What I did and why.
As a young actor working in a world class company at Stratford, Canada almost 50 years ago, I was fortunate to be in many brilliantly abridged Shakespearean productions of great clarity and complexity. The actors and directors all encouraged me to invent my text, fresh-mint it in the moment for whatever reason the scene would imply or demand. All of the great productions that I was in were brilliantly cut - Brian Bedford’s Titus Andronicus being the best. Why speak words no one was going to understand? Why stop the action of the play? Why stop the audience from thinking? Why lose them with obscurity? I then coached perhaps 1000 actor/students in their Shakespearean monologues over twenty years.
Anyway, each play took about 2 months to cut, put back on the page and note. Many, many decisions were debated at length. At times it was agony. I’d have to switch between plays for relief. I wanted bright teenagers to have a chance. I did not want the scripts dumb or dense. The R&J, for instance, and the accompanying guide, were very specifically created for what I thought grade nines could handle. I knew some of the plays so well they virtually cut themselves. I knew how they all should sound, so placing the words on the page as they might be thought, became second-nature. Besides I have never bought the rhythm nonsense of verse. One can’t invent rhythm; it mainly bullies one along. Check out my monologues! When I act them I have no idea if they are verse or prose, just invented thought.
So two years of daily slog and endless readings with Keith and we had 12 plays ready. I sold them in Ontario for a few years, hauling them from my printer to schools in my Van. Almost every school had a few keeners, and a few linguistic preeners. I fought on. I eventually moved to Vancouver, built the website and set the whole series free. For 40,000 play-downloads over ten years, I received 3 thank-you emails and not one donation. Ah well, the teachers needed the texts even if they barely understood how they should be employed. They hadn’t sat beside Peter Ustinov for two summers; they had certainly never played solid Shakespearean roles with fine companies to large audiences. I needed more patience - teenagers were still suffering.
I grew impatient with teachers last year and monetized the texts for a while. Teachers bought recordings, occasional guides and performance fees, and of course visited all the free resources and You Tube speeches, but almost never purchased the texts. The teachers were creating no new memories, but patchwork programmes of dread.
I was a terrible taskmaster as a single parent. My son, especially, learned and perfected many speeches under my guidance. As a software engineer for Microsoft, at 27, he defended a $115,000,000 lawsuit for them. All that practice made him an astonishing oral communicator, but that is what we did in the car, to and from school - speeches.
You see, I believe that a father-caveman would first teach his son how to cut, harden-in-the-fire and shape good spears. His son, of course, would be a hunter. I suggest, the survival tools of today are words. Sons and daughters need vocabulary and syntax in their quivers, and practice in their usages.

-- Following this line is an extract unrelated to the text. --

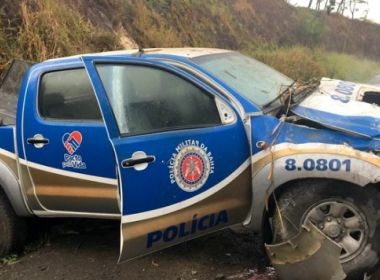 Itapebi Viatura da PM capota em curva da BR101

The 12 plays seek to teach students some of our best stories, while practicing our most creative language. The free resources and multitudinous recordings provide a wealth of performing and cultural background. I created Shakespeare Out Loud to interest teenagers, but also to teach teachers. These plays are not literature or poetry, they are drama; flesh and blood drama!
I’ve done all the work; I invite you now to play.